Mortgage and refinancing rates are generally determined by rates in the secondary market (similar to the stock or bond markets) where mortgage-backed securities are traded.
This is highly dependent on the economy. So mortgage rates tend to be high when things are going well and low when the economy is in trouble.
But you play a big role in determining your mortgage rate in five ways. You can greatly influence it by:
- Shop for your best mortgage rate – it varies greatly from lender to lender
- Boost Your Credit Score A small bump can make a big difference in your rates and payments
- SAVE THE BIGGEST DOWN PAYMENT – Lenders like you have real skin in this game
- Keep your other borrowing modest – the lower your other monthly obligations, the more mortgage you can take on
- Choose a Mortgage Carefully – Are you better off with a Conventional, FHA, Virginia, USDA, Jumbo, or other loan?
The time you spend getting these ducks in a row can see you win at lower rates.

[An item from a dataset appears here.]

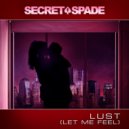 Secret Spade - Lust (Let Me Feel) (Original Mix)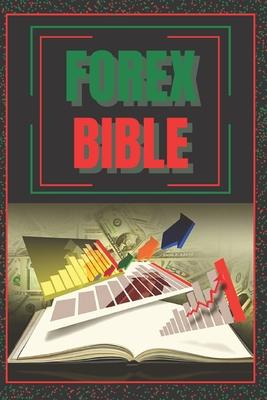 Forex Bible: SUPER POWERFUL GUIDE to becoming a FOREX expert!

Remember, it’s not just the mortgage rate
Be sure to factor in all of your upcoming home ownership costs when determining how much mortgage you can afford. So focus on Betty. This is your sprincipal (pays the amount you borrowed), Interest (borrowing rate), (real estate) THubs and (homeowners) INorns. Our Mortgage Calculator can help with that.
Depending on the type of mortgage and the size of the down payment, you may have to pay mortgage insurance as well. This can easily go up to three figures each month.
But there are other potential costs. So you will have to pay your Homeowners Association dues if you choose to live somewhere with the HOA. And wherever you are, you should expect repair and maintenance costs. There is no owner to call when things go wrong!
Finally, you’ll find it hard to forget about closing costs. You can see those reflected in the annual percentage rate (APR) that lenders will quote you. Because that effectively spreads it over the life of your loan, making that higher than your direct mortgage rate.
But you may be able to get help with these costs And Down payment, especially if you are a first time buyer. Read:
State Down Payment Assistance Programs for 2021
Mortgage Rate Methodology
Mortgage reports receive rates based on specific criteria from multiple lending partners every day. We came up with the average APR and APR for each loan type to display in our chart. Since we categorize a range of prices, it gives you a better idea of what you might find in the market. Moreover, we make average rates for the same types of loans. For example, FHA fixed with fixed FHA. The result is a good snapshot of daily rates and how they change over time.